Click Next. In the next window enter the project name as PWIModel. Select the model file name as PWIModel. For the location, uncheck "Use default location". For location, browse to the dmHub/data/papyrus folder you created in Step 1. To this path append PWIModel.
Click Next. In the next page, under Diagram Kind, select Class Diagram. Click the box "A UML model with basic primitive types." Under "Choose a profile to apply", select Browse Workspace and select MLProjectProfile|MLProfile.profile.uml.
Click Finish. In Papyrus, you now see two projects in your workspace:
We will design a relatively simple model consisting of two main classes: Person and Hobby. In the palette select Class and drag it onto the canvas. It creates a class called Class1.
In the bottom panel, select Properties. Change the name of the class to Person.
Create a second class by selecting Class in the palette and dragging it onto the canvas. It creates a class called Class1. In the bottom panel, select Properties and change its name to Hobby.
In the canvas, hover over the Person class. From the bar select Add Property Class Attribute Label.
It creates an attribute called Attribute1. Select the attribute and in the properties change the name to "id" and the type to String (under UML Primitives).
Create two more attributes in Person: firstName and lastName. Both are strings. In the Hobby class create two attributes: name and coolness. Name is a string; coolness is an integer (found under UML Primitives).
In the palette under Edges select Association. Drag it onto the canvas. Connect Person class to Hobby class.
Select the association in the Properties. Change the leftmost Member End's name from "hobby" to "hobbies". Also change its mulitiplicity to 0..* and its Aggregation to shared.
To help map this to Entity Services, we'll add a few stereotypes to our model.
First we will make the id attribute of Person a primary key. To do this, select the id attribute. In the Properties panel select Profile. Click the + button above Applied Stereotypes. From the list of applicable stereotypes select PK and click the arrow to move it to Applied Stereotypes.
Click OK. The class now looks like this.
Using a similar approach, add the elementRangeIndex stereotype to the two Hobby attributes; this allows us to build a facet of hobby names and to perform numeric range queries on coolness.
We will give our model a version and a namespace. Click in a blank part of the canvas. Under Properties select Profile. Under Applied Stereotype click the +. (If you can't see Applied Stereotypes, make the properties panel larger.) Under Applicable Properties select esModel and click the arrow button to move it to Applied Properties.
Click OK. Back in the Properties panel, you see the esModel has been added. Expand it, click on version. In the right text box type 0.0.1.
Similarly for baseUri enter the value http://xyz.org/marklogicModels.

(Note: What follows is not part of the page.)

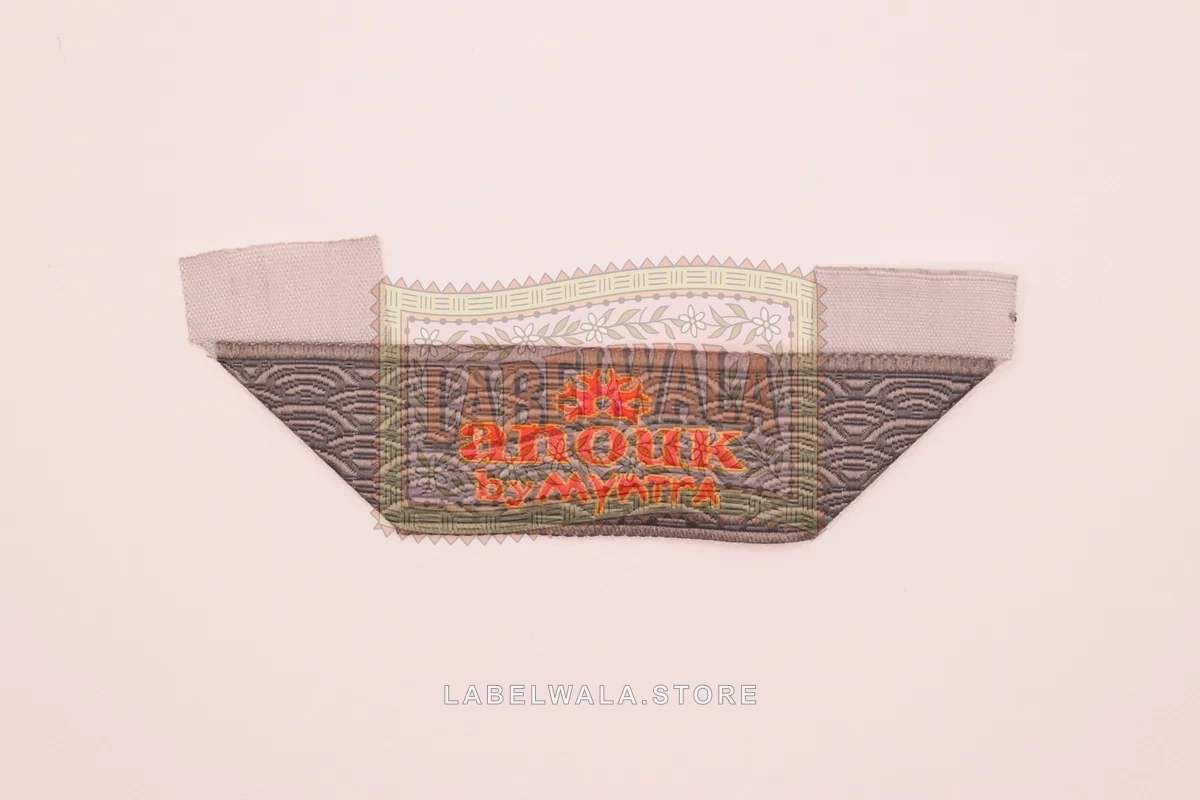 Anouk woven hanger loop label, made in Ahmedabad: front view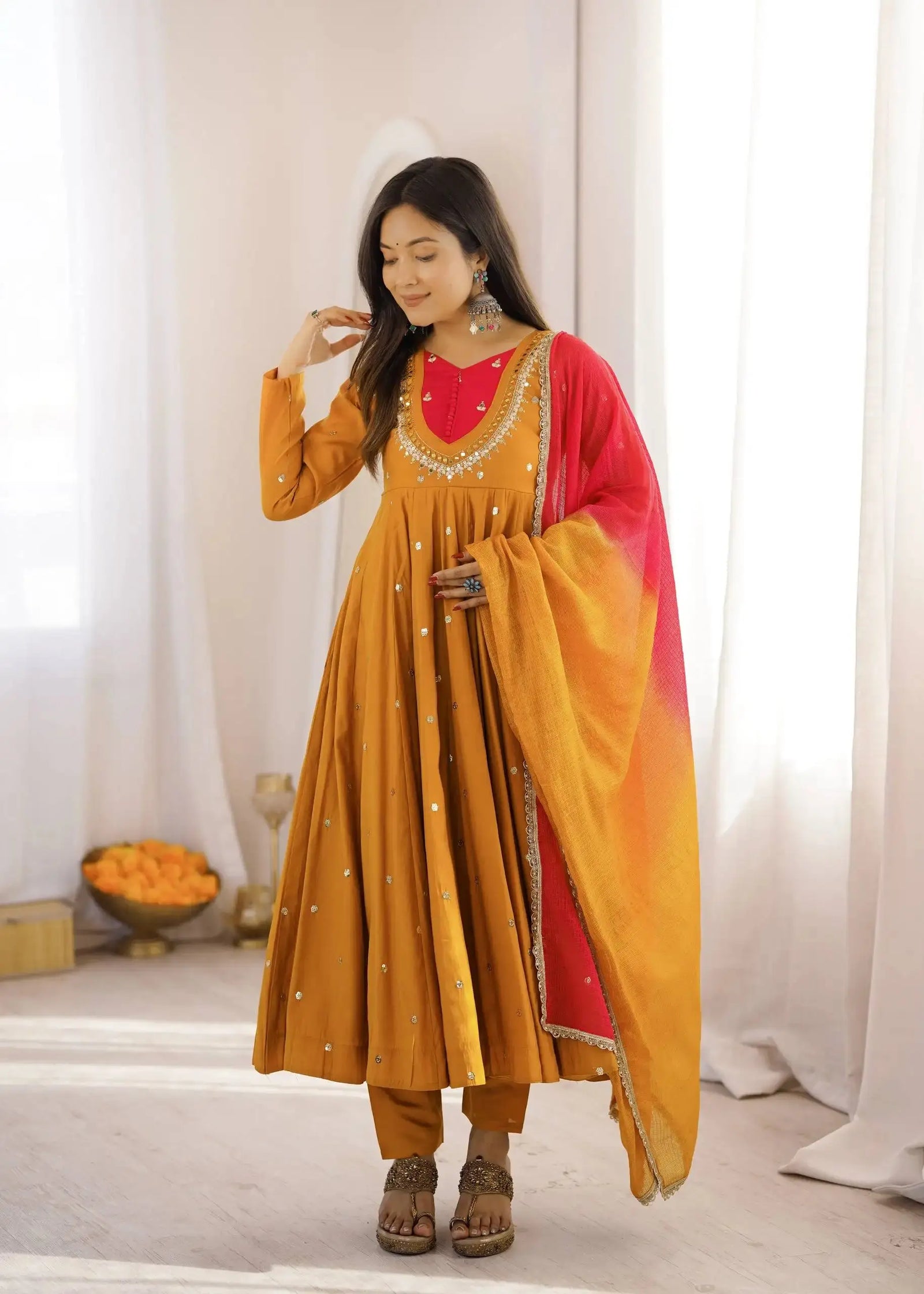 Yellow Embroidered Suit – side view showing Anarkali silhouette and dupatta drape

In the same Properties window select UML and change the name from Root Element to Person.
Physically in MarkLogic, instances of the Person class are documents. Let's designate the id attribute as the URI of the document. Configuring this is straightforward; follow the same step as when setting id as PK. You end up with the following:
We are done modelling. Click File | Save All.
If you think you might have messed up along the way, a pre-cooked model is available under dmHubLab/step2/PWIModel. If you want it in your workspace, the simplest way is to copy each of its files over yours. You can also delete the PWIModel project from your workspace (by right-clicking the project and selecting Delete, but keeping the contents!) and import the pre-cooked project (File | Import | Existing Projects Into Workspace).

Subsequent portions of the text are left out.